Interpretation (slide 19)
Probability ≈ 0.62 %. Such a low likelihood implies the observed sample mean is highly inconsistent with $\mu=800$ .
Conclusion: dean’s claim is not justified at commonly used significance levels (e.g., 5 %).
Ethical dimension
Misrepresentation of program outcomes could mislead prospective students; statistical verification promotes accountability.

Objective: find range of mean salaries we would expect if $\mu=800$ .
Excel’s function: =CONFIDENCE(alpha, standard_dev, size) computes the half-width $E$ of a two-sided z-interval.
• (\alpha = 0.05) (for 95 % confidence)
• (\sigma = 100)
• (n = 25)
Result: $E = 41.27$ .
95 % CI for (\mu): $800 \pm 41.27 \;\Rightarrow\; (758.73, 841.27)$ .
Observed (\bar{x}=750) lies outside this interval ⇒ further evidence against the claim.

Quality control (bottling): monitoring (\bar{X}) over groups of items gives quicker detection of mean shifts than single-unit checks.
Business analytics & claims testing: sampling distributions underpin formal hypothesis tests and CI’s that protect stakeholders from unfounded assertions.
Decision thresholds: choosing sample size affects SE; bigger samples yield tighter inferences but cost more.
Recognize skewness & robustness: CLT helps but for heavy-tailed or highly skewed data, larger n or non-parametric methods might be prudent.

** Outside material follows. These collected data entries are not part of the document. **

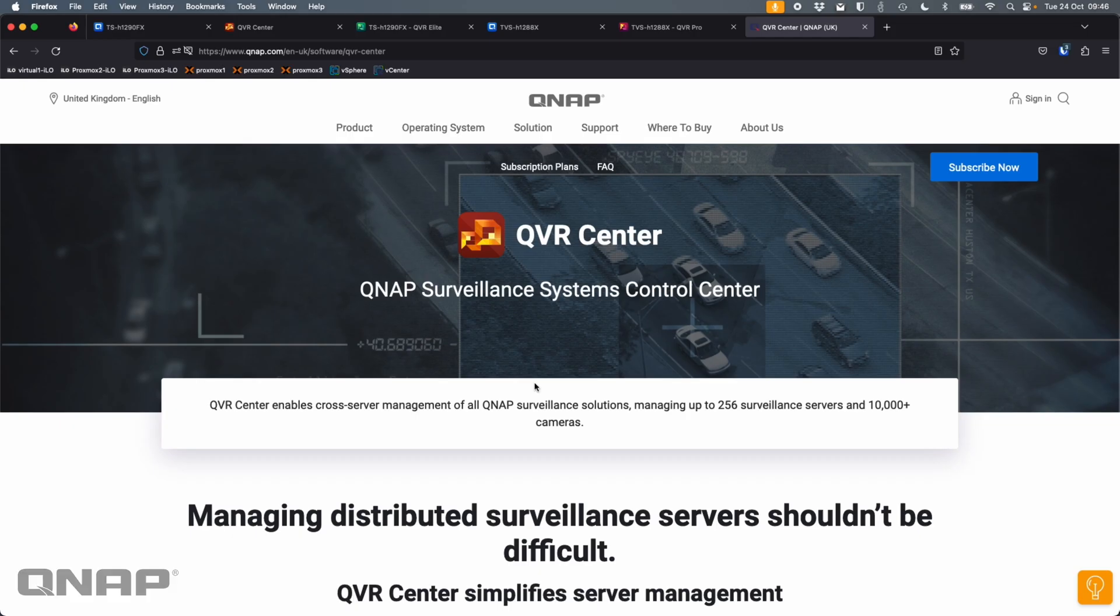Hi, today I wanted to talk about one of our applications for surveillance, which is called QVR Center.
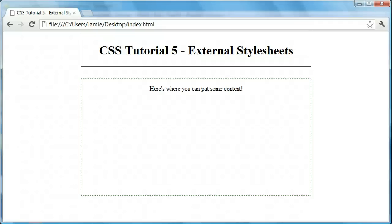Hey everyone, Jamie here from TechnicalCafe.com. Welcome to your fifth CSS tutorial. In this tutorial we're going to be talking about external style sheets and how we can use them to go about styling our HTML pages, as well as how external style sheets keep CSS and HTML separate and therefore more organized. Another advantage is that with external style sheets we can apply the same styles to more than one web page by including the style sheet in all the web pages we want to use.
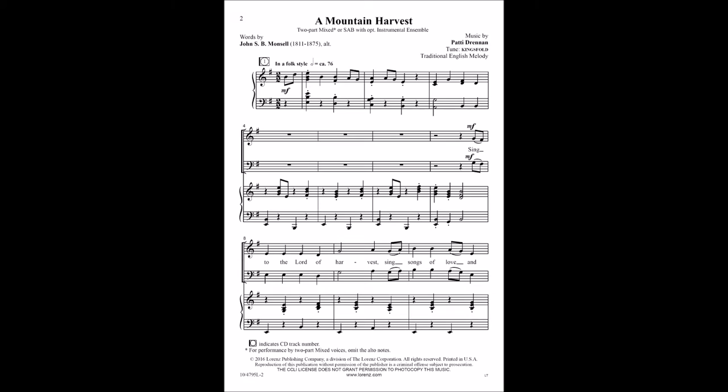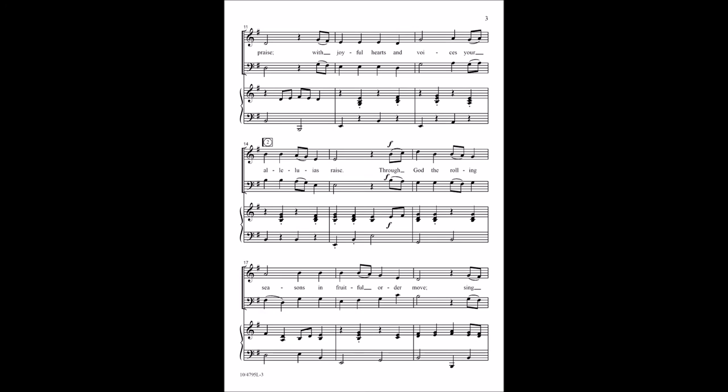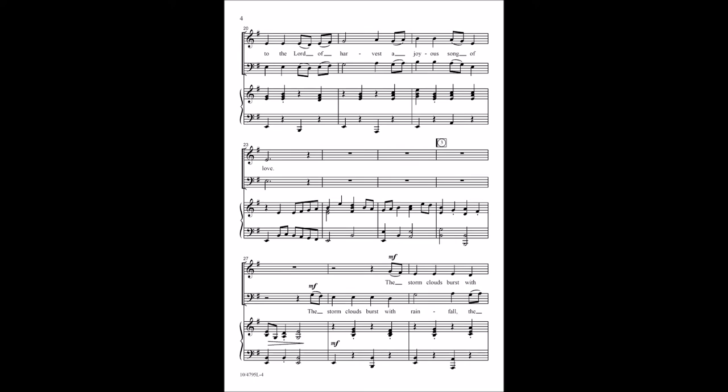Sing to the Lord of Heart. Let's sing songs of love and praise with joyful hearts and voices, your alleluias raise. Through God the rolling seas and through God the moon, sing to the Lord of Heart. Let's enjoy a song of love.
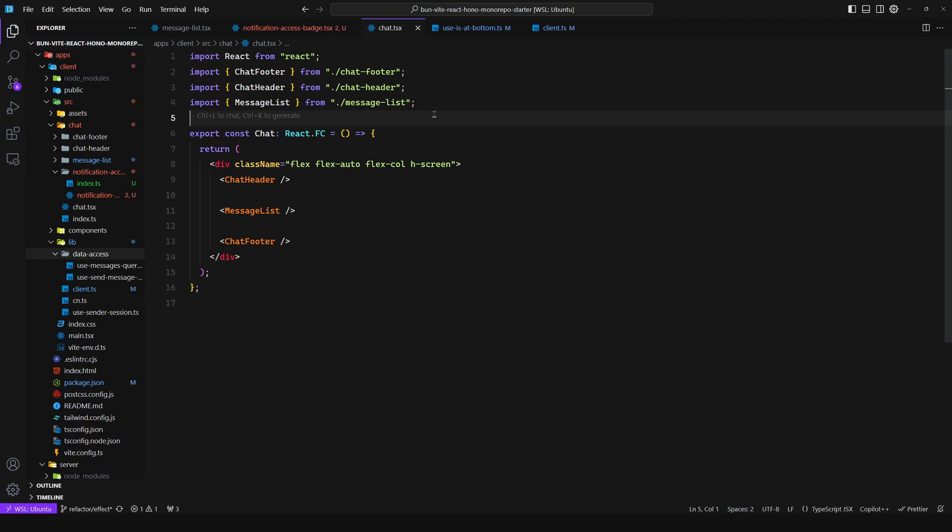Pub subs are generally discouraged in React, partly because it goes against React's core philosophy, which is based on a unidirectional data flow where data flows from parent components to child components.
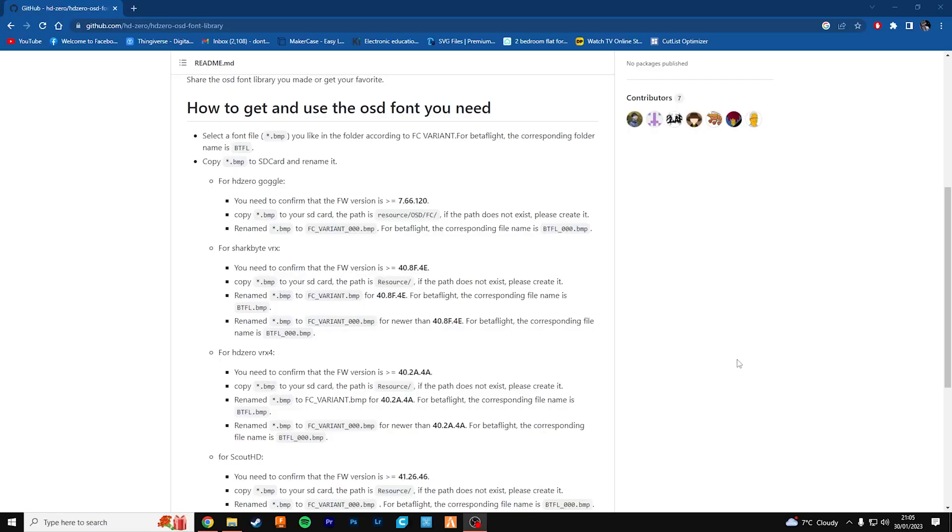Hello folks, the Hairy Haggis here and today I'm going to show you how to upload a new font onto the HD0 goggles.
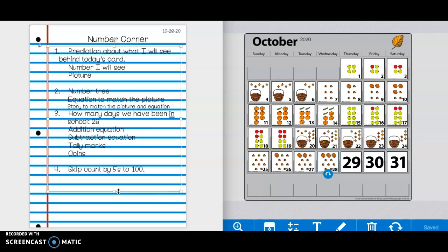comma, 15, comma, and you keep going, and then you will stop when you get to 100. Have a great day, friends, and do your best. Thank you.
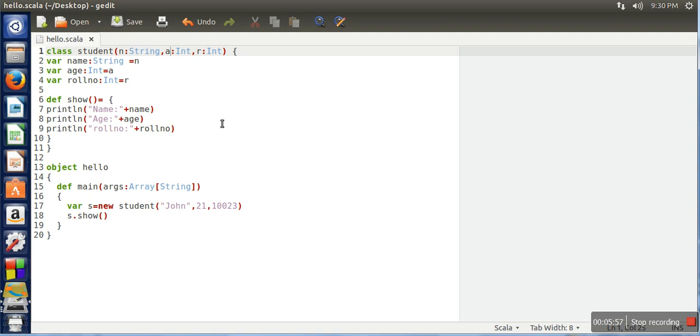By default, every variable and every field of the class is public. Thank you very much for watching.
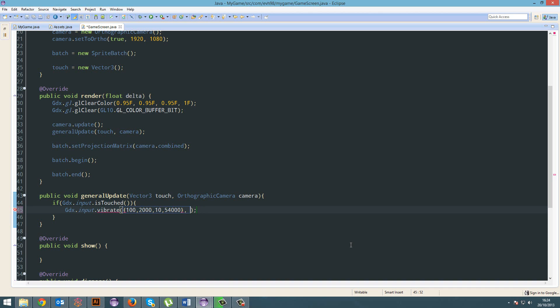But if you want it to go multiple times, you can literally just go 2 — 2 times, 3 times, 4 times, 5 times. Otherwise, if you want it to go just once, it's minus 1. I just realized we have to make this a new long array, and then that'll work fine.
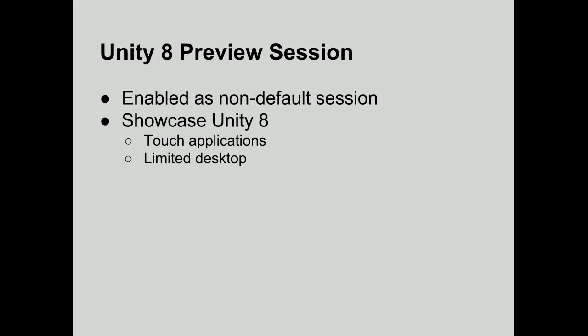Additionally, in 14.04, we wanted to showcase all the work and effort that's going into Unity 8. We're going to do this in a Unity 8 preview session. So this is a non-default session, it'll be enabled in the greeter and people can choose to use this. As I mentioned, this is to showcase Unity 8, its touch applications, and it will be a limited scope desktop.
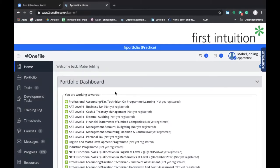Welcome to the third in a series of videos on how to use OneFile. My name is Michael Walby and I'm a skills and development coach here at First Intuition. In this third video, we'll look at creating and submitting a development task.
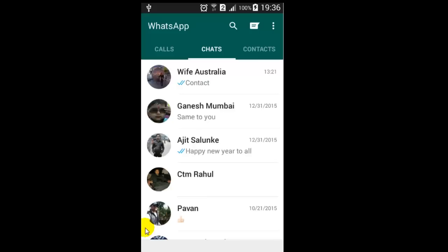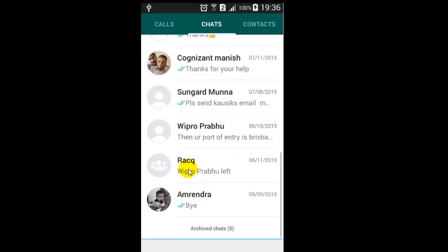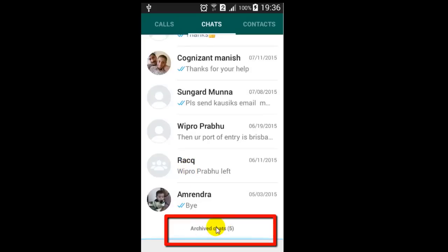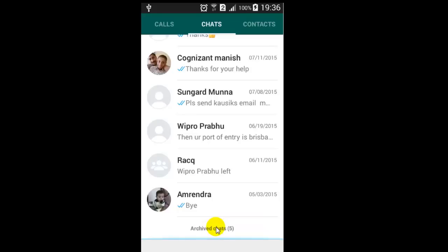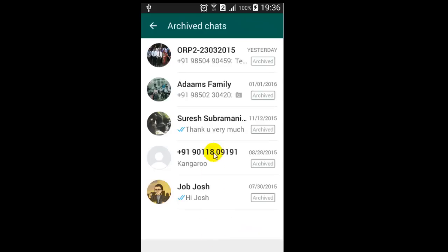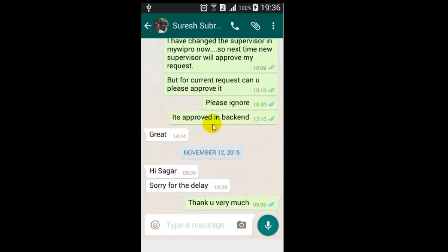Hello there. In this video I'm going to show you how to view archives in WhatsApp. Just scroll down in the chat section — at the bottom you will see archived chats. If you click on that, you can click on those chats to view the details. For example, if you want to view the chats of Suresh Subramaniam, click on that and those chats will be visible for you.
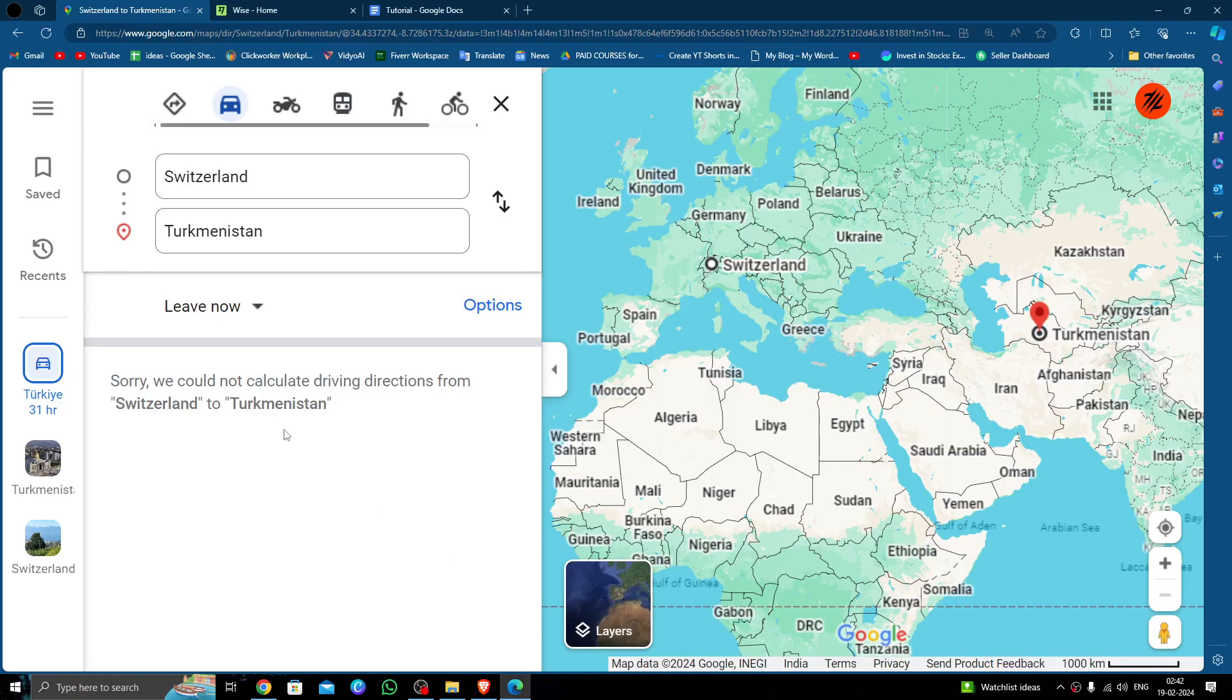Hello and welcome back to my channel. In today's video I will show you how to transfer money from Switzerland to Turkmenistan quickly and cheaply using Wise. So let's get started.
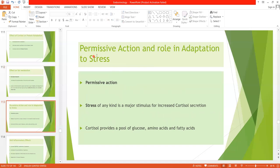Cortisol is also extremely important for its permissive action. For example, cortisol must be present in adequate amounts for catecholamines — epinephrine and norepinephrine — to induce vasoconstriction, the narrowing of blood vessels. A person lacking cortisol, if untreated, may go into shock in a stressful situation that demands immediate vasoconstriction.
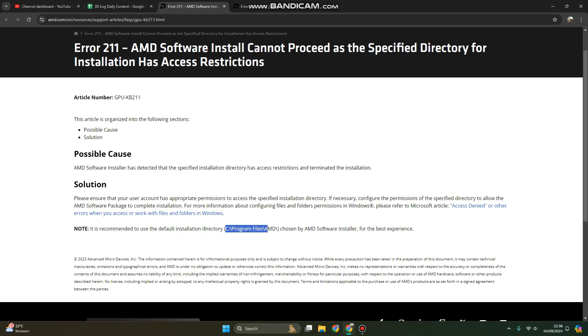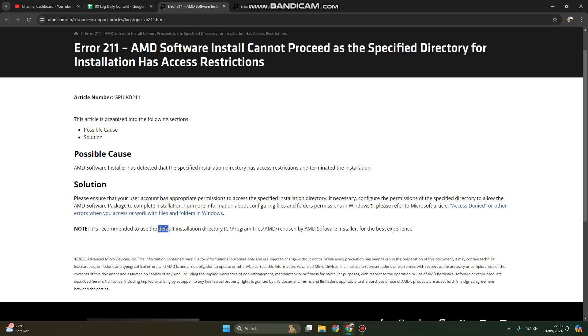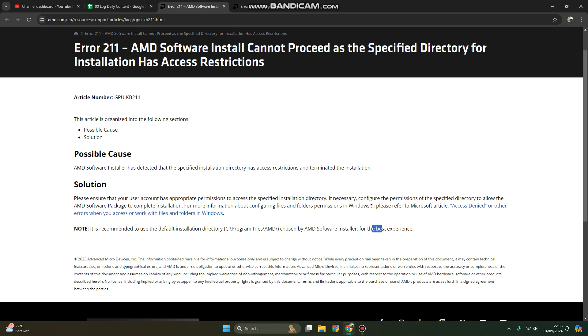Just leave it be like this. Don't try to move your driver to install to another directory. So leave it for default. Every driver, try to use default installation directory chosen by your AMD software or other application for the best experience of course.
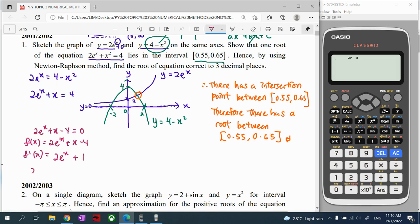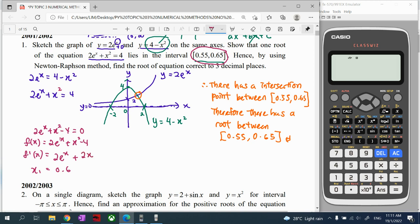Differentiating: the derivative of 2eˣ is 2eˣ, and the derivative of x² is 2x. No initial value is given, but from the interval we can pick the midpoint, so we start with x₀ equals 0.6. We then substitute into the Newton-Raphson formula: x₁ equals x₀ minus f(x₀) divided by f'(x₀). This step must be written in full with x₀ equals 0.6.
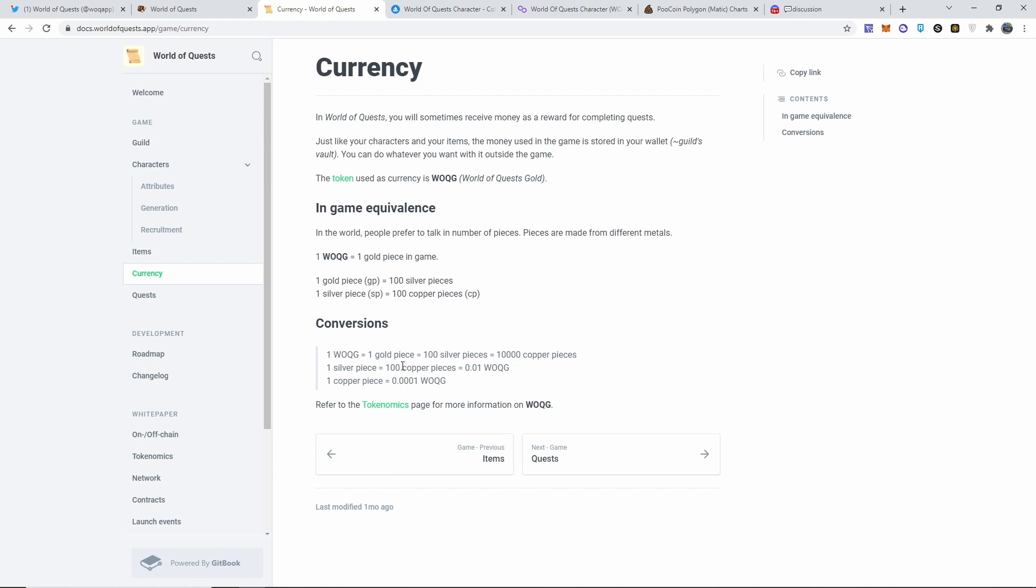So hopefully they do that soon. Now it says on here also, look: 100 copper pieces equal to the same as 0.01 of their token. One copper piece, which is the lowest payout right here, is equal to one one-thousandth of their World of Quest gold token.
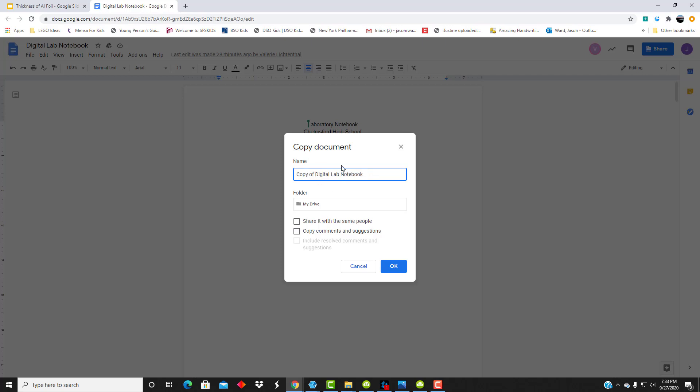Change the name by entering your first and last name and the block that you're in. I'm just going to say A block.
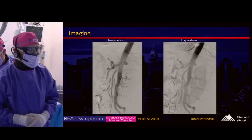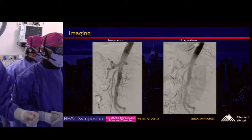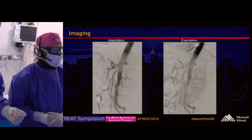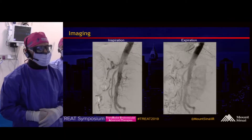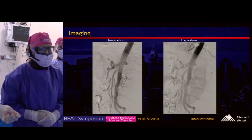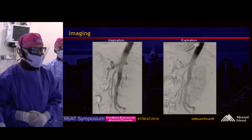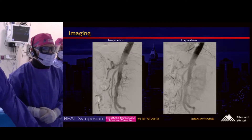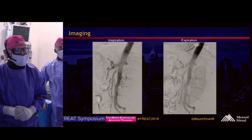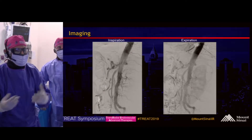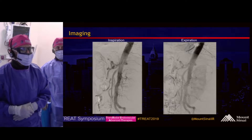On the angiogram done recently, about a week or two ago, you can see on inspiration and expiration there's no significant difference in the celiac — nothing really consistent with median arcuate ligament syndrome. But at the SMA, you can see a pretty moderate stenosis. And as mentioned, she has chronic abdominal pain, so this is what we're going to be evaluating.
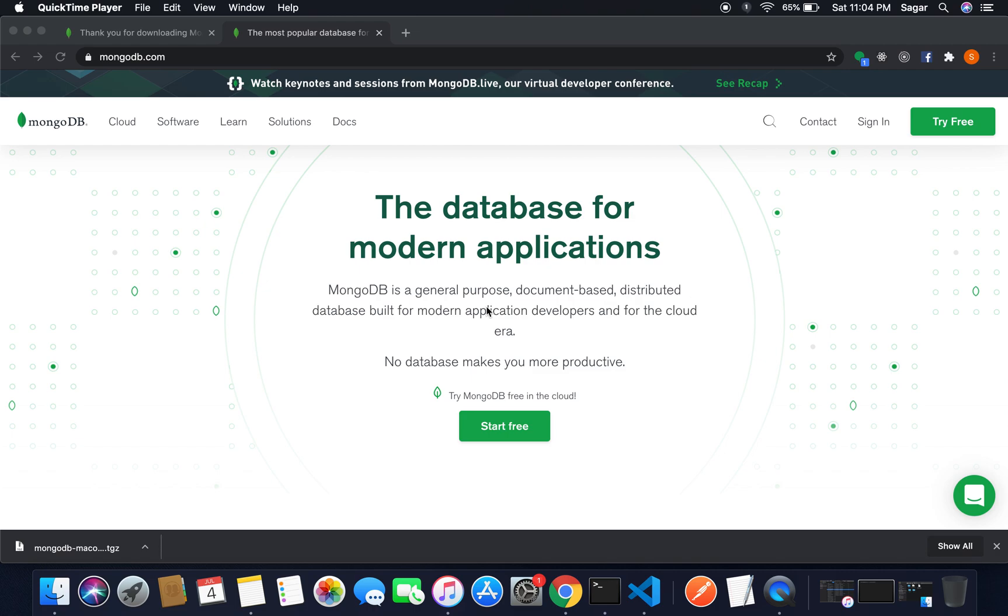Everyone, welcome to my YouTube channel again. In this video we'll learn how we can set up MongoDB server or Mongo shell locally on our Mac system. So without wasting time, let's start.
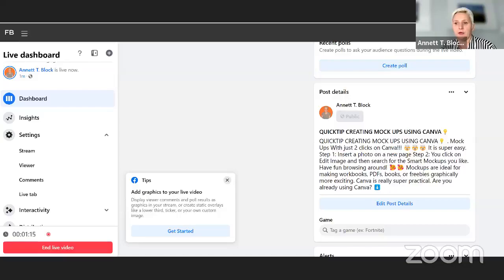And today, we are creating a mockup, and we are using Canva. I show you how easy it is to put your design inside into another design. For this, I will share my screen, and it is very easy.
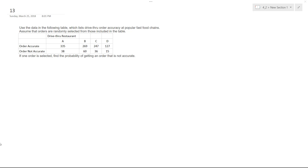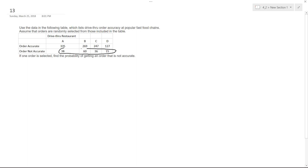We have an example here where we have a drive-through order accuracy of popular fast food chains. We assume we randomly select a person. If an order is selected, we'll find the probability of getting an order that is not accurate — pretty much ordering something all across this table where it's not accurate.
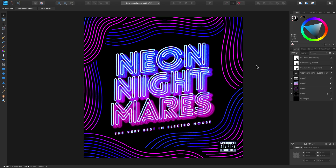Studio presets are a great way to organize and store your preferred tools and panels and easily recall them depending on the document you're working on. What we currently have is the default studio layout, so let's go to View.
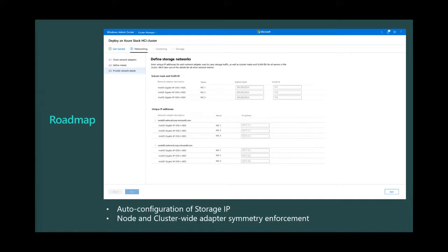One additional thing: currently Network ATC under the hood does not check cluster-wide adapter symmetry. It assumes that as long as the adapters can be teamed, it would be fine to do so. In the future, we will provide additional support capabilities to identify on the local node if the adapters are teamable, and across nodes as well. So we'll ensure that if you're using a 40 gig adapter on node one, you have a 40 gig adapter on node two — and if it's 100 gig on node three, we'll flag that.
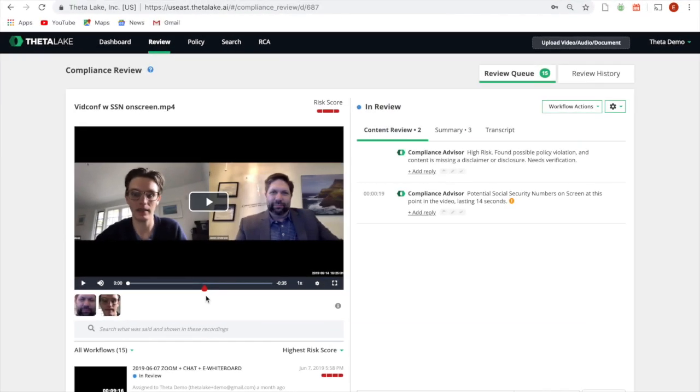Our AI-driven compliance advisor flags risk detection on the timeline and provides details on the policy for reviewers to investigate.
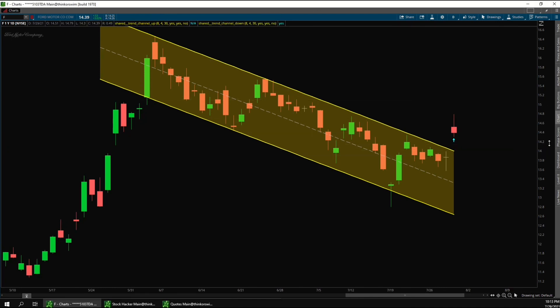So that's the basics of the trend channel indicator and scanner for thinkorswim, which is available at tradeedgecoding.com. If you have any questions about this, please let us know. And thanks for watching.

Sampling distributions describe how a statistic fluctuates across repeated samples.
Mean of sampling distribution equals true population mean; its spread (SE) diminishes like 1/\sqrt{n}$$.
CLT is a cornerstone: regardless of population shape, sufficiently large samples make (\bar{X}) nearly Normal.
Real-world examples (soda fill, salaries) illustrate computations of tail probabilities, hypothesis evaluation, and confidence intervals.
Misinterpretation risk: always distinguish between population variability ((\sigma)) and sampling variability (SE).
Statistical findings have ethical and practical consequences—claims must be evidence-based.